Mientras estoy enfrascado en estas deliberaciones por escrito, un buen amigo me envía una entrevista a José Antonio Marina sobre qué opina del adelgazamiento de la Historia y la Filosofía en los nuevos planes de estudio. En una de sus reflexiones comenta que no debemos olvidar que nuestra forma de vida confabula contra lo que se promueve en las aulas, y apunta como dos de los males contemporáneos el  respeto a todas las opiniones y el escepticismo hacia la verdad. Nuestra escasa pedagogía confunde el respeto a opinar con el contenido de la opinión, lo que hace que lo afirmado en una opinión no pueda ser contradicho, aunque sea un disparate. Es una condición de clima discursivo ideal para que las creencias crezcan frondosas. Sin embargo, no estoy de del todo de acuerdo con el escepticismo que señala Marina en segundo lugar. Me temo que en realidad no somos escépticos, simplemente no toleramos la información que refuta nuestras creencias o directamente las delata como falsas. Resulta paradójico que en la sociedad de la información y el conocimiento propendamos a fiarnos más de nuestras creencias que de la verificación de los datos. La posverdad refrenda esta proclividad peligrosísima para el equilibrio cívico de las sociedades abiertas.

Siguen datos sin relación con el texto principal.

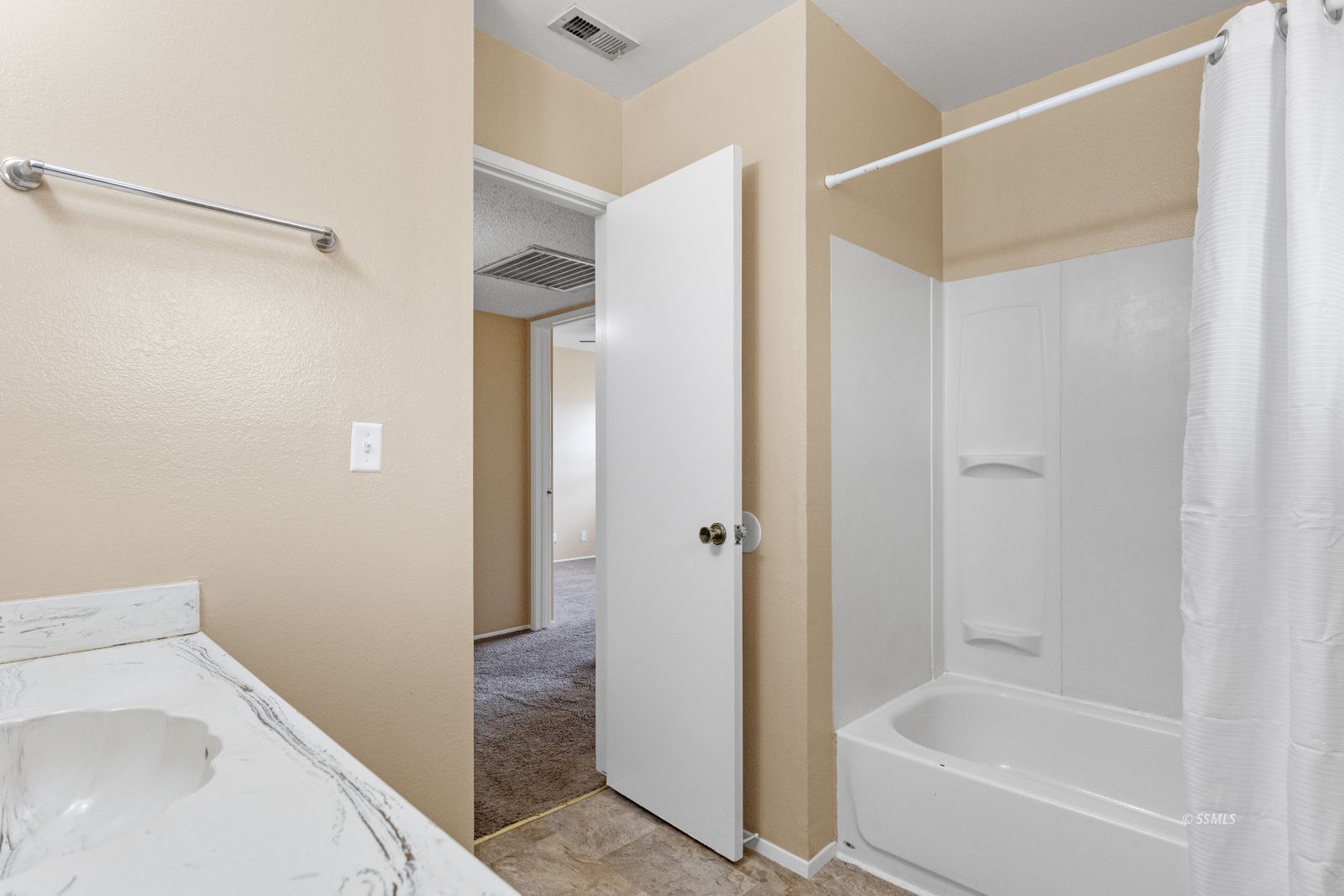 325 South Lincoln Street Ridgecrest, CA 93555 - Photo 27 of 35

La posverdad no consiste en reconocer como cierto el contenido de un bulo, es un dinamismo cognitivo por el cual la realidad tiene menos prevalencia en nuestra jerarquía epistémica que nuestras creencias y nuestros sentimientos, incluso cuando los hechos demuestran que esas creencias y esas irradiaciones sentimentales se fundamentan en datos fraudulentos. Da igual. Una vez que la creencia arraiga en la subjetividad en quienes nos constituimos, la realidad no tiene la fuerza suficiente para arrancarla. Simone Weil escribió que la duda es la virtud de la inteligencia. Es fácil deducir en qué nos convierte la intocable fiabilidad que le profesamos a nuestras creencias.